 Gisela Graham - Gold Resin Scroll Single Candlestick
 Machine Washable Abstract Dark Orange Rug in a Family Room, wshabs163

----

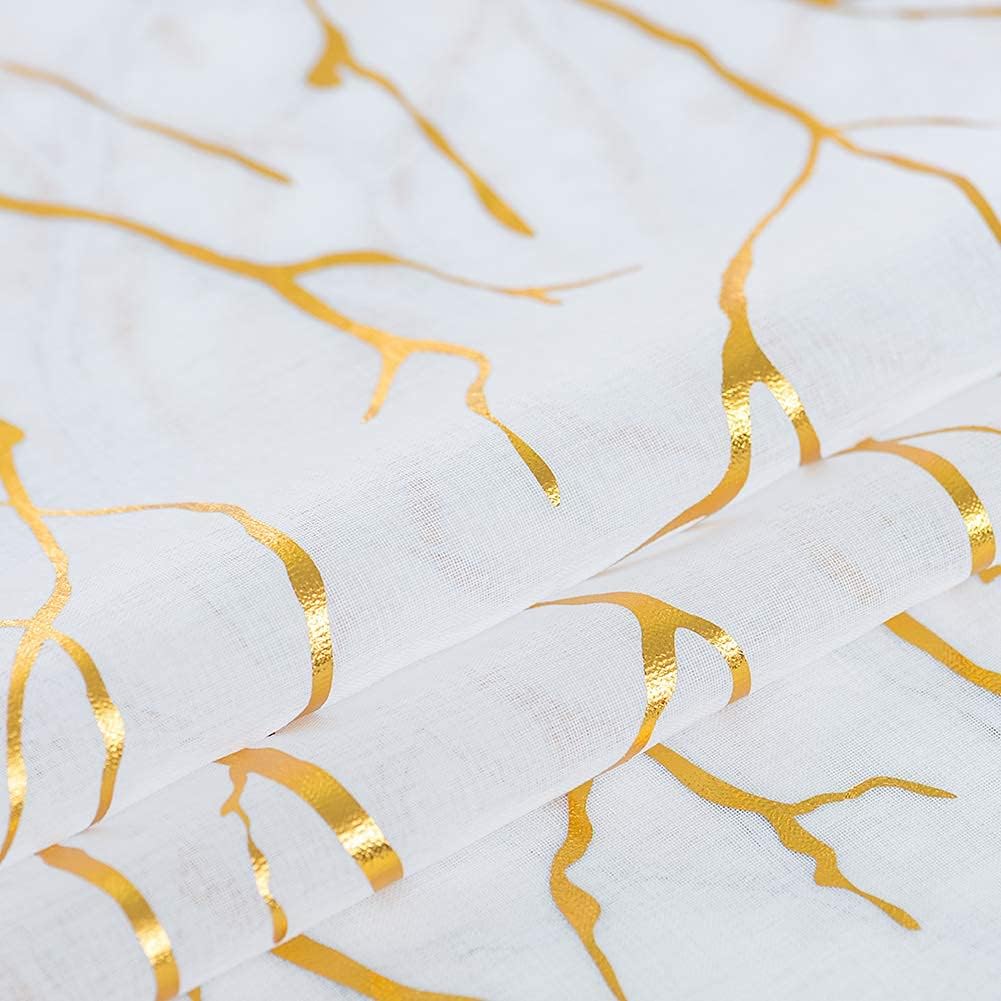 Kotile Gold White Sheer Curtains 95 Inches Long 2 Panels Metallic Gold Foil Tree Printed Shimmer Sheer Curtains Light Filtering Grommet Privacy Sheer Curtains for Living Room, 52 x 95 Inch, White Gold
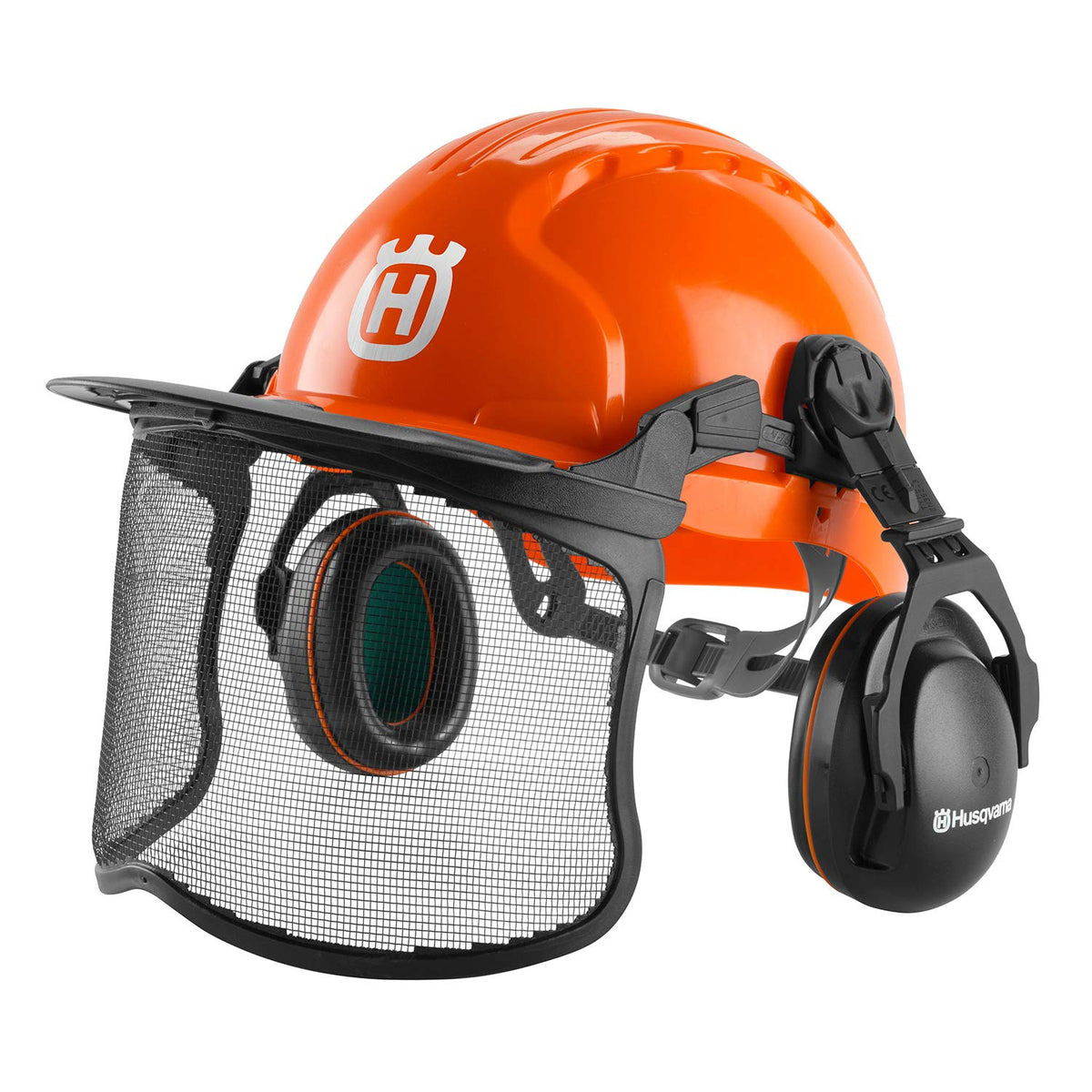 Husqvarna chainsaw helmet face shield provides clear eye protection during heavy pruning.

----

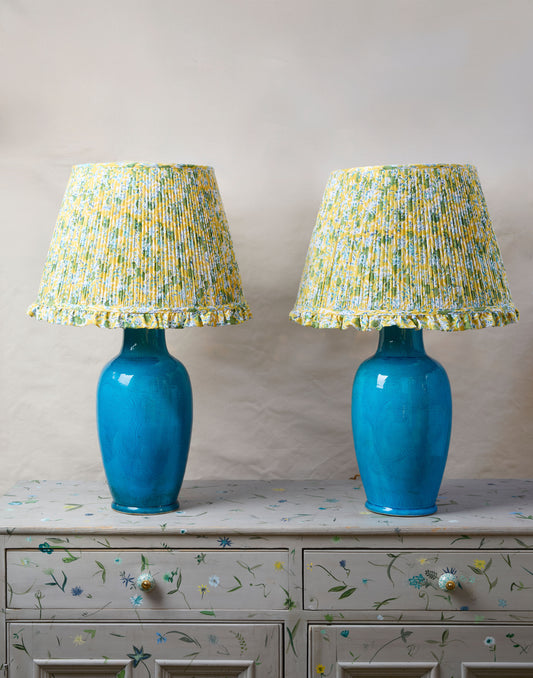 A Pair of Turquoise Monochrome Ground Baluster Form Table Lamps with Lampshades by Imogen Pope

----

Both boundary lines included, write out word for word only the lines above from the one containing "Kotile Gold White" to the one containing "Husqvarna chainsaw helmet", leaving out any pictures.

 Kotile Gold White Sheer Curtains 95 Inches Long 2 Panels Metallic Gold Foil Tree Printed Shimmer Sheer Curtains Light Filtering Grommet Privacy Sheer Curtains for Living Room, 52 x 95 Inch, White Gold
 Husqvarna chainsaw helmet face shield provides clear eye protection during heavy pruning.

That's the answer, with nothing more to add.